The two men stopped for their companion, now recovered enough to walk, and departed the bar. They stopped at the phone booth, and Elk slipped inside. He dialed the number he’d taken to heart, and desperately hoped she’d never change. After a minute of anxiety, a sleepy voice answered.

“Hello?”

“Hey, it’s me,” he said curtly.

“Oh, hey you. What time is it?” she said, her voice brightening.

“Too late,” he chuckled. “Listen, we need a ride from the Broken Spear.”

“We?”

“Tyler, Wildcat, and I,” he said. “We’ve been zat it tonight.”

“Sure, sure I can get you guys,” she said, the sound of fabric rustling on the other end set him at ease. “No problem.”

He looked over his shoulder out the doorway of the booth. Tyler was sat beside Billy, his arm around his shoulder and the other holding up the rag. Billy was shaking and sniffling, Tyler occasionally hawking clods of blood as he spoke.

“I oughta kick your ass, man,” he said darkly. “Fucking Wyatt Earp over here.”

“I’m sorry,” Billy moaned. “I’m fucking sorry.”

“The fuck you going to do, shoot every white man who makes fun of you? Every Wasichu who thinks your dad was a drunkard?

You gonna shoot the whole town, Billy? The state? The whole damn world?”

“They can’t laugh at me like that man, it ain’t right…”

“You there, babe?” Junebug said in that way he couldn’t ignore.

“Y-Yeah,” he stuttered. “I’m here.”

“You alright?” she said.

“It’s been a night, Junebug,” he sighed. “I’m ready to go home.”

“Fuck home, stay here,” she chuckled. “Pa’s out for the week and Ma’s over in Toledo.”

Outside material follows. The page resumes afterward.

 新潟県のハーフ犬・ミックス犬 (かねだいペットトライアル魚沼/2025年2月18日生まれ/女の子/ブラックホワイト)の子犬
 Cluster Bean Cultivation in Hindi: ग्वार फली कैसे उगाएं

“You sure? I...I know I messed up Ju-”

“Jimmy,” she said curtly, then continued after a pause. “It’s okay, see you soon.”

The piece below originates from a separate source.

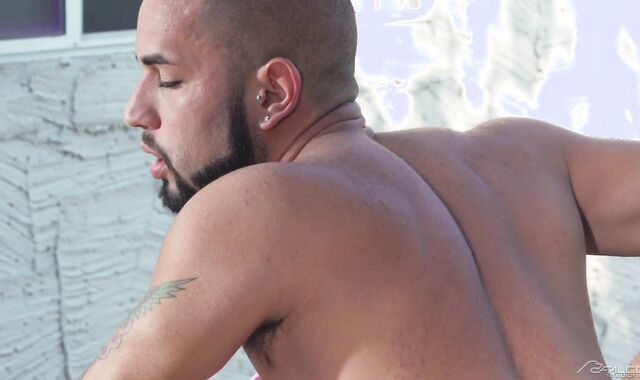 Falcon Studios - Devin Trez sans a condom assfucking bi-racial porno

They exchanged goodbyes, and the dial tone robbed him of her comfort.

“Can’t shoot the world, Billy!” Tyler exclaimed, laughing through the pain. “Right Elk?”

He stepped out of the phonebooth and into the conversation, fumbling for a second smoke. Somewhere off in the distance, past the flickering streetlights and the rusting cars and oil-slicked streets and the human wreckage that sat commiserating on the cracked curb of some forsaken suburb, Elk pictured the light of a bedroom snapping on, and the warm white arms that awaited him there. He became aware of Tyler trying to say something to him, but Elk ignored him, slipped the gun from his waistband and threw it to the curb between them.

“Yep,” Elk sighed, watching Tyler eye the pistol wearily. “Can’t shoot the world.”